▶ _Work to be completed_: Return the data exactly, with all pictures removed.

▶ _The data_:
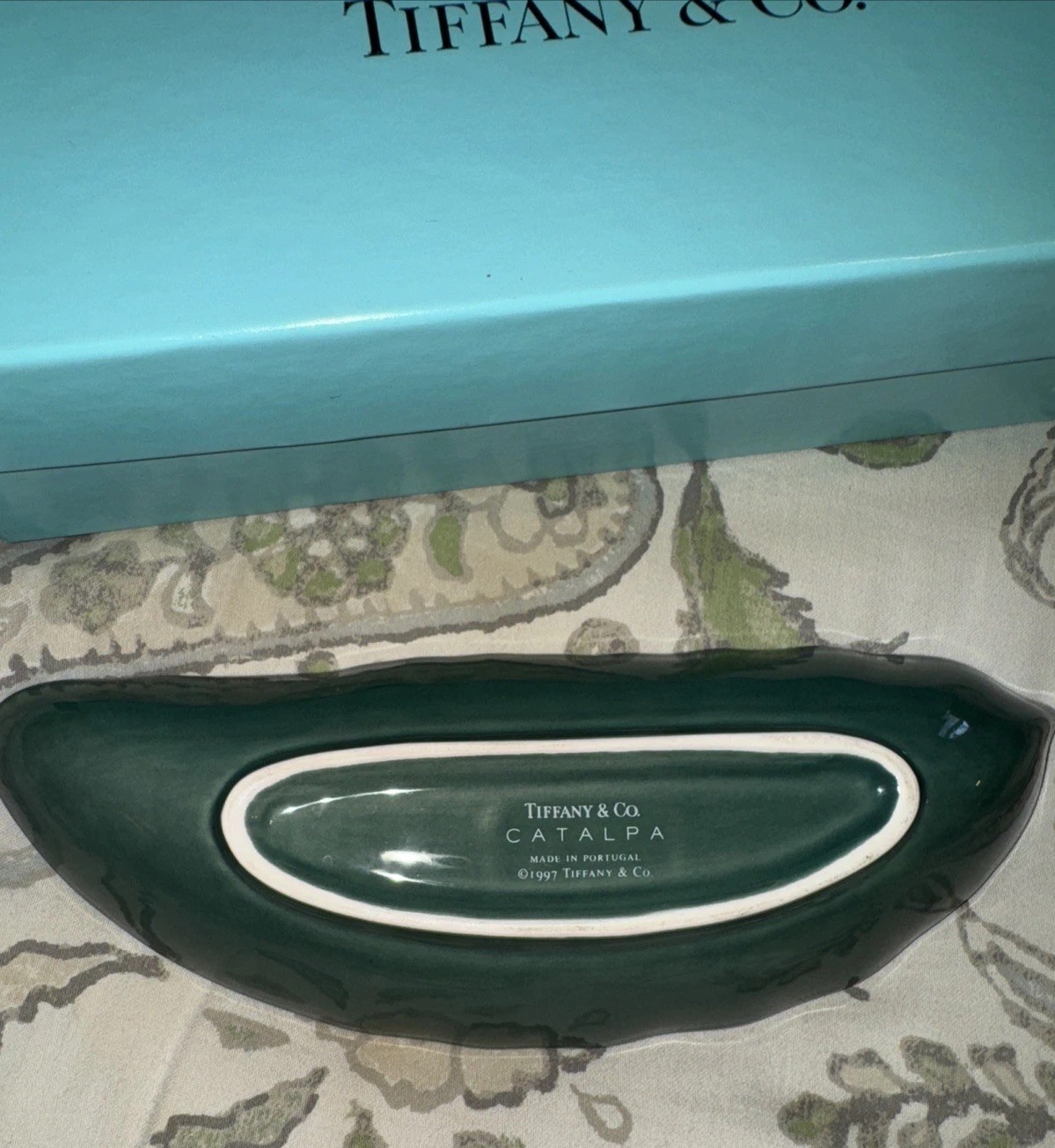 VTG Tiffany & Co. Catalpa Green Ceramic Leaf Candy Dish 1997 In Original Box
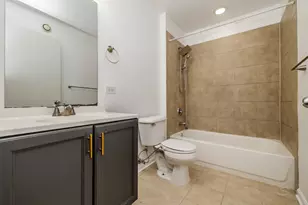 1122 W Catalpa Ave, Chicago, IL 60640 - Photo 6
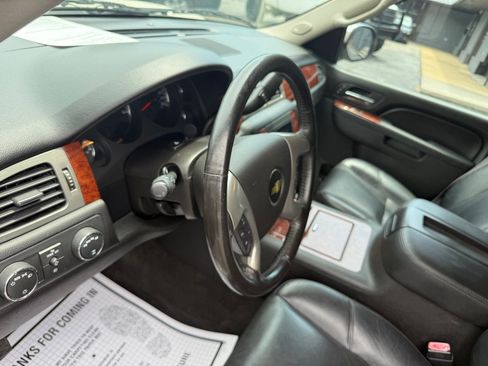 Used 2013 Chevrolet Avalanche LTZ AWD/4WD image 56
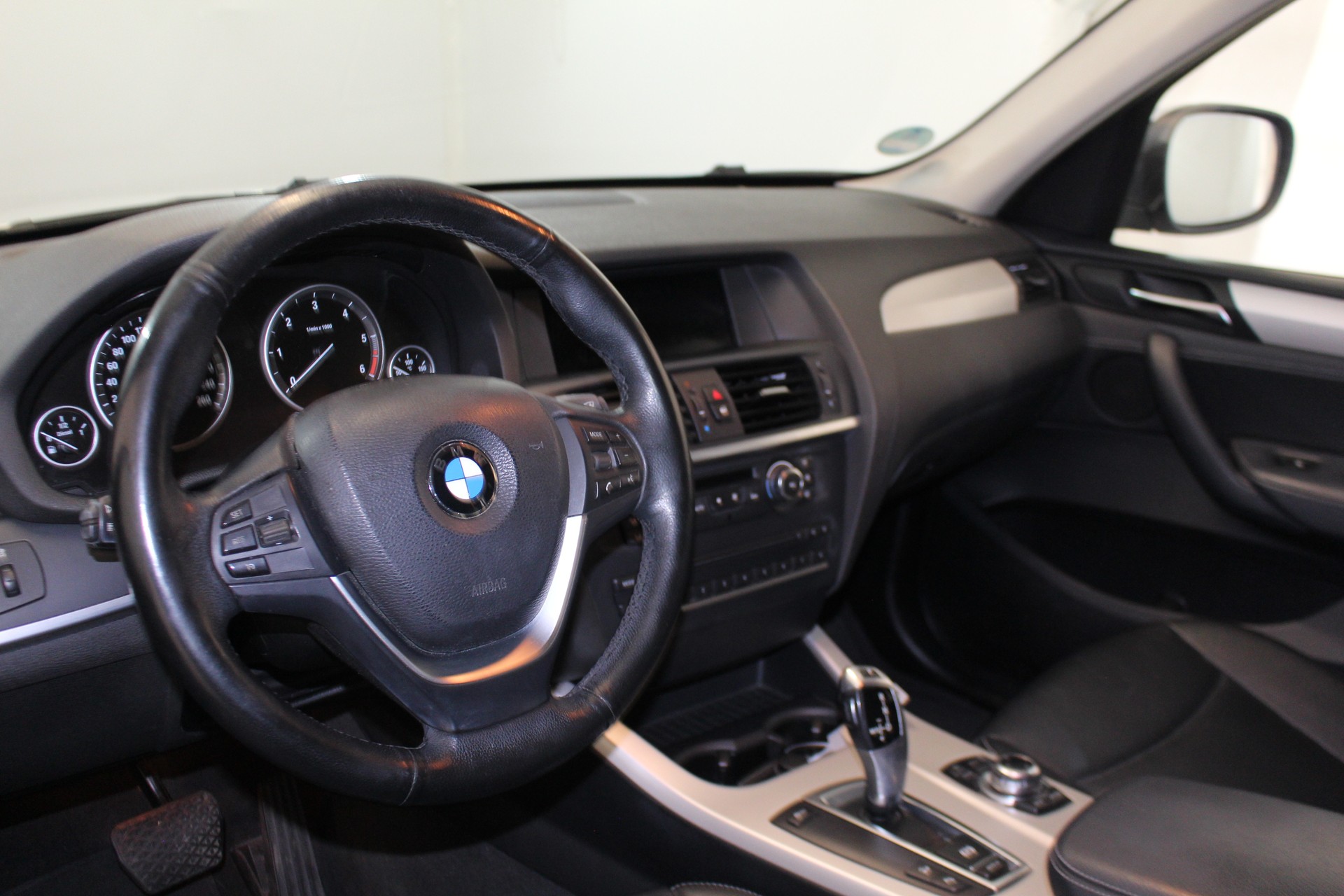 BMW X3 35d xDrive-image-11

▶ _Response box_:
 VTG Tiffany & Co. Catalpa Green Ceramic Leaf Candy Dish 1997 In Original Box
 1122 W Catalpa Ave, Chicago, IL 60640 - Photo 6
 Used 2013 Chevrolet Avalanche LTZ AWD/4WD image 56
 BMW X3 35d xDrive-image-11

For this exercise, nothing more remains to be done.